The other clump of soil was from a conventionally tilled field. “This is from a typical commodity rotation – corn followed by a fall or spring tillage, maybe a passive manure application. It’s a highly disturbed soil, and soil disturbance is the key difference,” Raspor said.

“The goal is to keep the soil covered and reduce the amount of negative impact rain can have on it,” he stressed. “Having more roots develop builds up the soil. Roots also give off glomalin, which is essentially a glue that helps hold the soil together.”

Both soils were then placed in jars of water. “Water infiltrates the soil, and as it goes in, it exerts pressure outward. In the soil that hasn’t been disturbed, we have a root that is essentially holding the soil together,”  Raspor explained.

In the tilled soil, the only roots were those formed during the growing season, with very few holding that soil together. 

It took about a minute for the soil clump to completely break up. 

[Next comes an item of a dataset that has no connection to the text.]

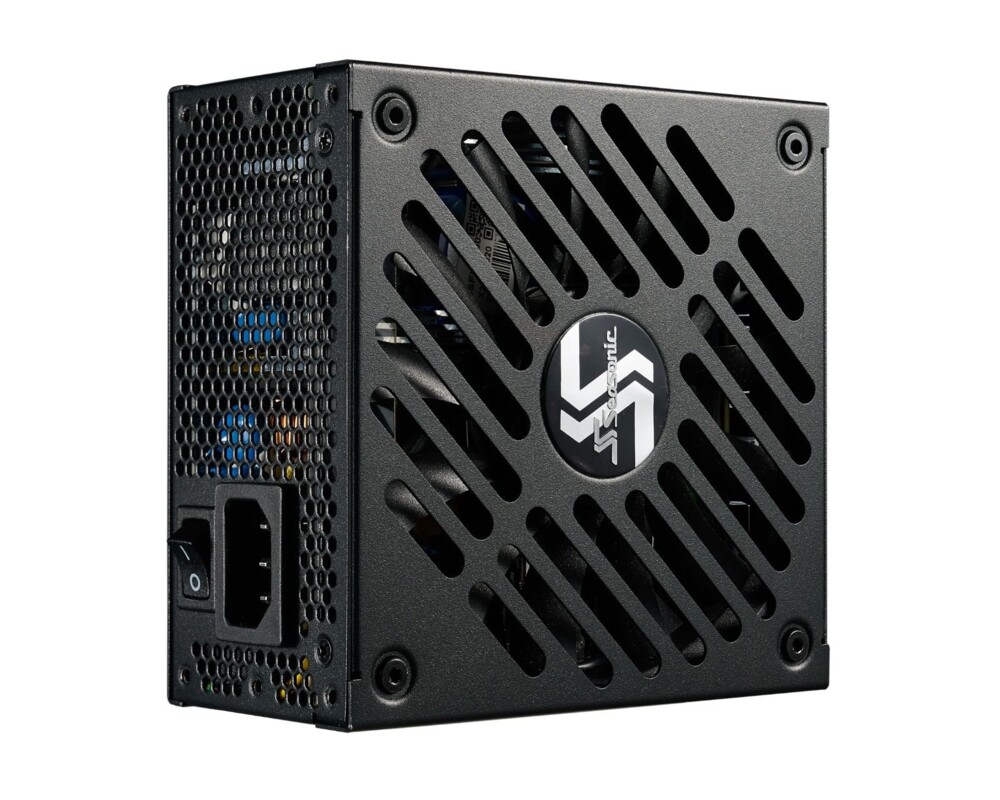 Захранване Seasonic SFX/ATX 650W Gold 8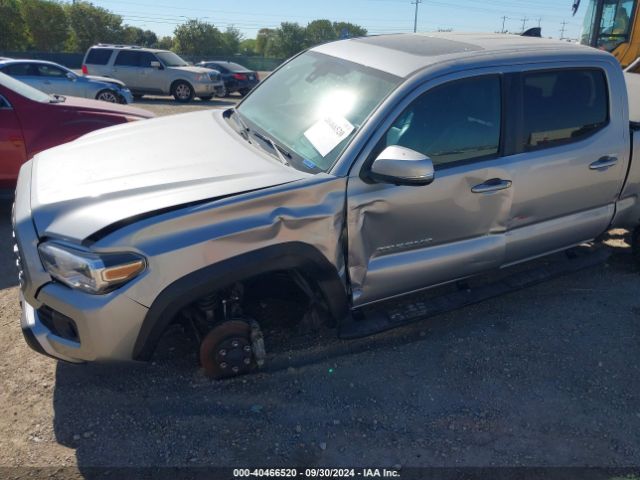 5TFDZ5BN7LX053187 Toyota Tacoma Trd Off-road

“This is just from stagnant water pressure without and rainfall impact,” Raspor emphasized. “Some of the key differences are cloudiness in the water and no soil structure remaining, and the film on top is phosphorus or nitrogen.” 

The other sample still had most of its structure remaining after several minutes.

Rainfall simulation

“The average raindrop falls at somewhere in the 20-mile per hour range, and when it falls from the sky it hits something, and what we want it to hit is a blade of grass,” Raspor stressed.

“That blade of grass takes the impact like a spring,” he said. “When rain drops hit it, the grass gives a little bit but bare soil doesn’t give, and you end up with runoff.”

Raspor placed four different soil samples that had been physically cut out of the ground in metal trays approximately 2 inches deep. “The trays are at about a 5 percent slope, which is fairly common for much of Waupaca County,” he said.

The first sample was from a field that had been used as a barnyard for several years. It had some soil compaction, and some grass growth.

The next sample came out of a cornfield that likely will be bare ground during winter, and will probably go back to corn or hay next year.

A third sample came from a pasture on the Bouressa farm that has been in long-term rotational grazing. The fourth sample was from the forest floor just inside the woodlot, where the soil has been untouched for probably the better part of a hundred years.

“What we’re shooting for with rotational grazing is more of a natural setting,” Raspor said.

Containers placed in front were designed to catch any runoff. “Anything that hits the surface and starts running off will collect in the front buckets. Any water the hits the soil surface and infiltrates into soil profile will end up in the back buckets,” Raspor said.

The sprayer head was set at 5 psi, which simulates a rainfall in the 20-mile an hour range.

After recreating a one-inch rainfall, Raspor turned off the sprayer head and examined the buckets.

As expected, the soil from the cornfield had significant runoff, quickly turning the front container a muddy brown. The sample the former barnyard performed better in holding water.

The sample from the rotationally grazed pasture and the one from the wooded area showed the least runoff.

Benefits of grazing

“Each soil has organic matter, which is essentially the sponge in the soil,” Raspor said. “The higher the percentage of organic matter, the more water it will hold. For every percentage of organic matter, an acre of soil can hold 25,000 gallons of water.”

He said that many farms have lost about three-quarters of the organic matter in their soil.

According to Raspor, the soil sample from the grazed pasture had the most vegetation but was the lightest because it had lots of space in that profile to hold onto water. “And that’s really what we’re after because if we can’t take on the water or hold onto the water, we end up with soil erosion and pollution in lakes and rivers.”

He said tests show that grazing systems allow soil to hold more water, compared to conventional planting and even forest land. “That because there’s probably a higher organic matter percentage and great root mass.”

Summing up, Raspor said, “Grazing benefits the environment, wildlife and the bottom line.”